* **Assigned task**:
Write down exactly what lies from the line containing "X0000113940841200911061240" to the end of the records, inclusive, and omit the pictures.

* **Exercise material**:
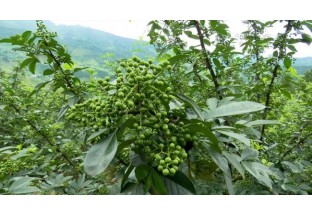 潍坊栗沟：创新花椒种植模式  扩宽销售渠道 ()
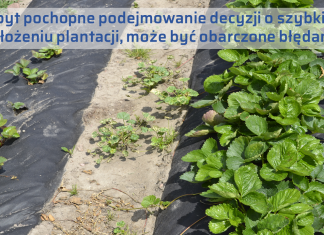 Powrót do korzenia – truskawka po truskawce i nie tylko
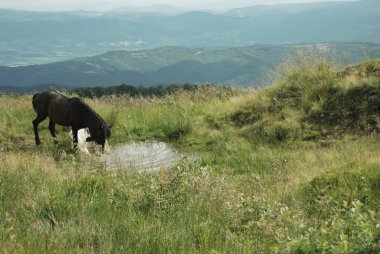 Highlands koyu kahverengi at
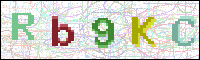 Image Verification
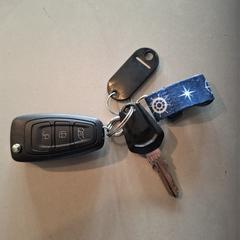 Autosleutel Ford, segons s'ha informat a iLost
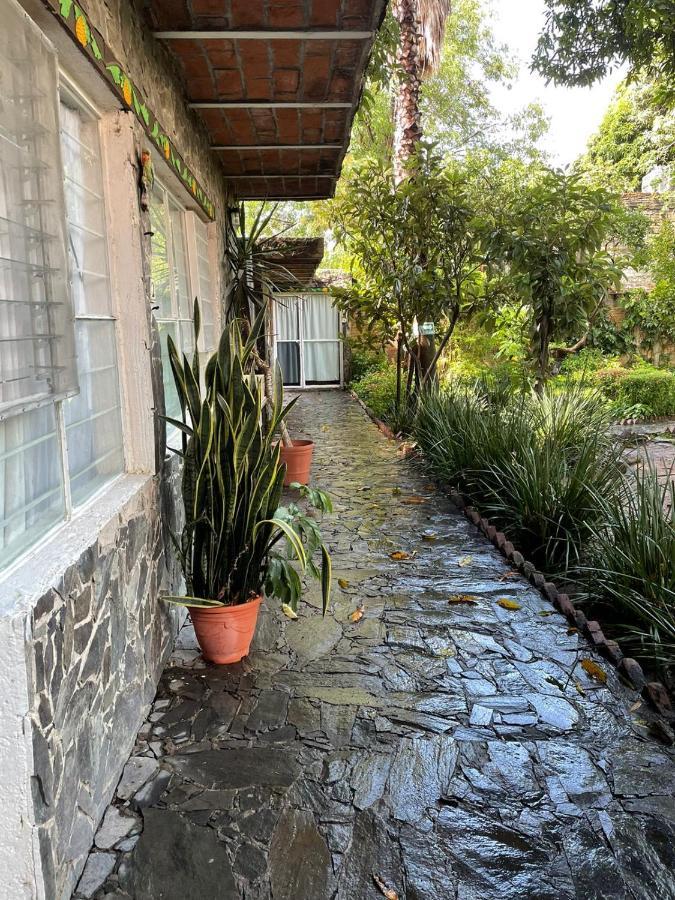 La Casa De Los Mangos Ajijic San Antonio Tlayacapan Экстерьер фото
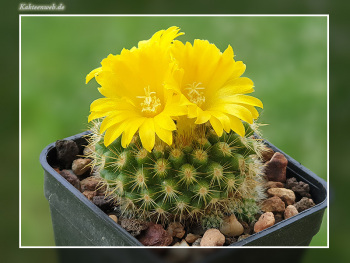 Parodia saint-pieana
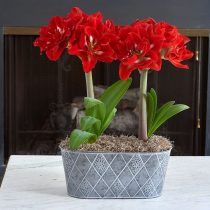 Гиппеаструм «Хэппи Нимф» (Hippeastrum 'Happy Nimph') © whiteflowerfarm.com Гиппеаструм «Хэппи Нимф» (Hippeastrum 'Happy Nimph') © whiteflowerfarm.com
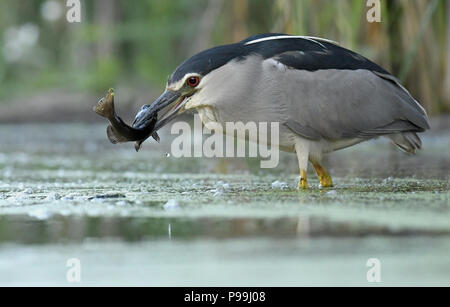 Night Heron Angeln im Nationalpark Kiskunsagi, Ungarn Stockfoto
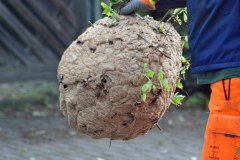 Ein Mitarbeiter beim Abtransport des Nestes (Foto: Klaus Maresch)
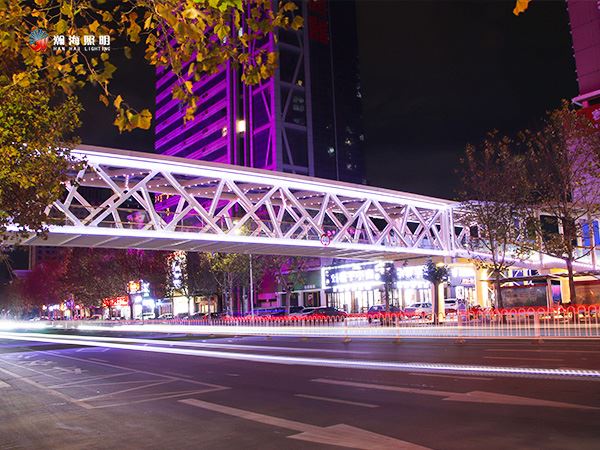 新華路天橋2
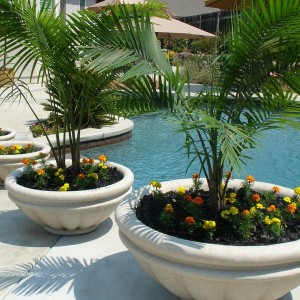 Concrete Planter Boxes Adelaide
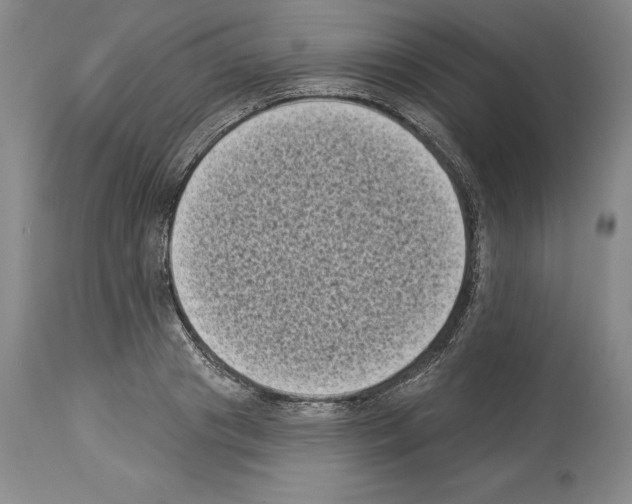 X0000113940841200911061240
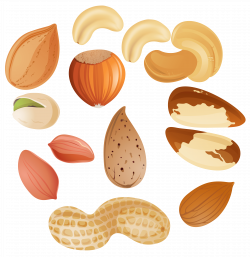 28+ Collection of Nuts Clipart Images | High quality, free cliparts ...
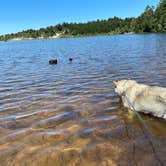 Review photo of Jessie M. Honeyman Memorial State Park Campground by Kathy B., July 9, 2021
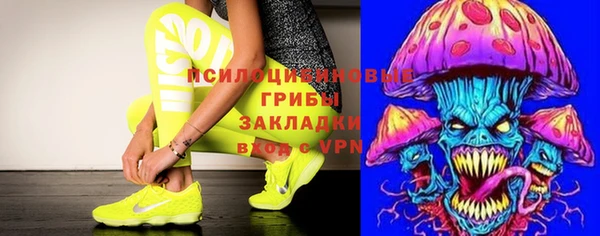 apvp Россошь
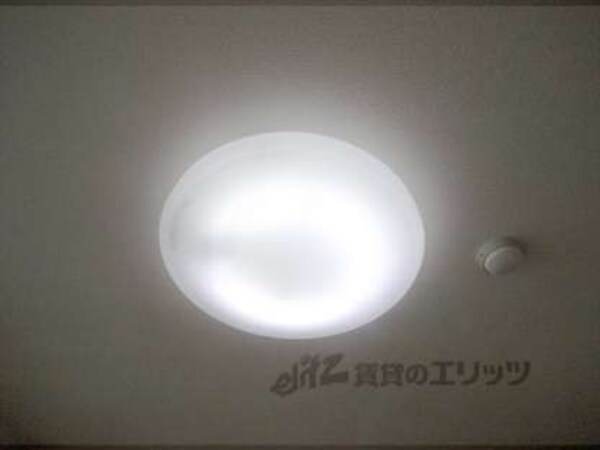 照明
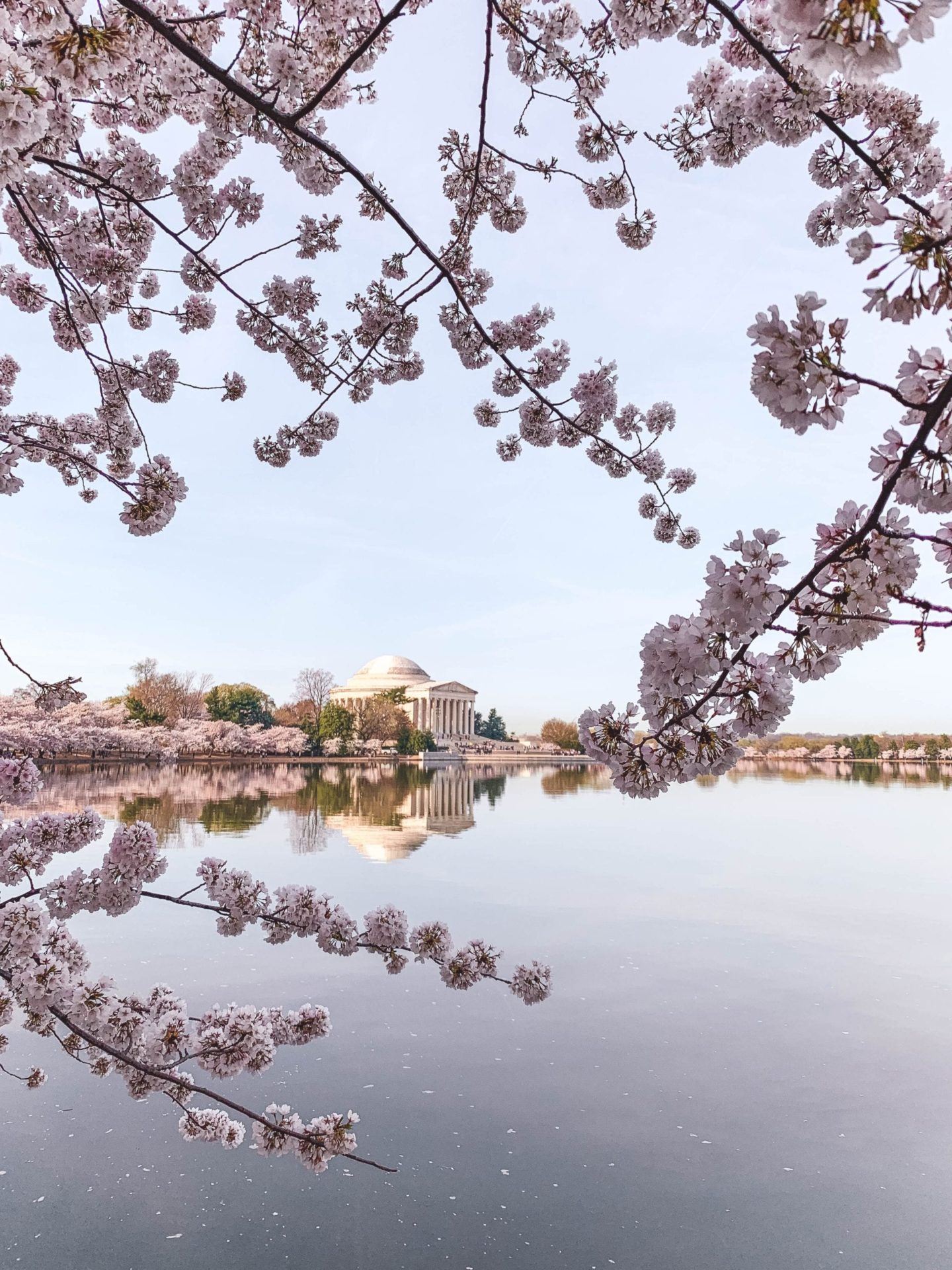 Thomas Jefferson Memorial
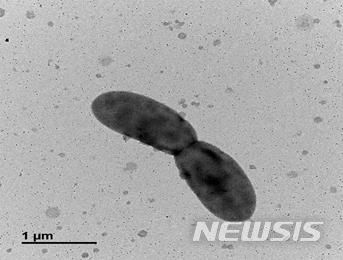 [서울=뉴시스] 희귀 신종 미생물 루티모나스 지아잔틴니파시엔스(Lutimonas zeaxanthinifaciens) YSD2104T균주의전자현미경 사진. (제공 = 국립해양생물자원관)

* **Output for this task**:
 X0000113940841200911061240
 28+ Collection of Nuts Clipart Images | High quality, free cliparts ...
 Review photo of Jessie M. Honeyman Memorial State Park Campground by Kathy B., July 9, 2021
 apvp Россошь
 照明
 Thomas Jefferson Memorial
 [서울=뉴시스] 희귀 신종 미생물 루티모나스 지아잔틴니파시엔스(Lutimonas zeaxanthinifaciens) YSD2104T균주의전자현미경 사진. (제공 = 국립해양생물자원관)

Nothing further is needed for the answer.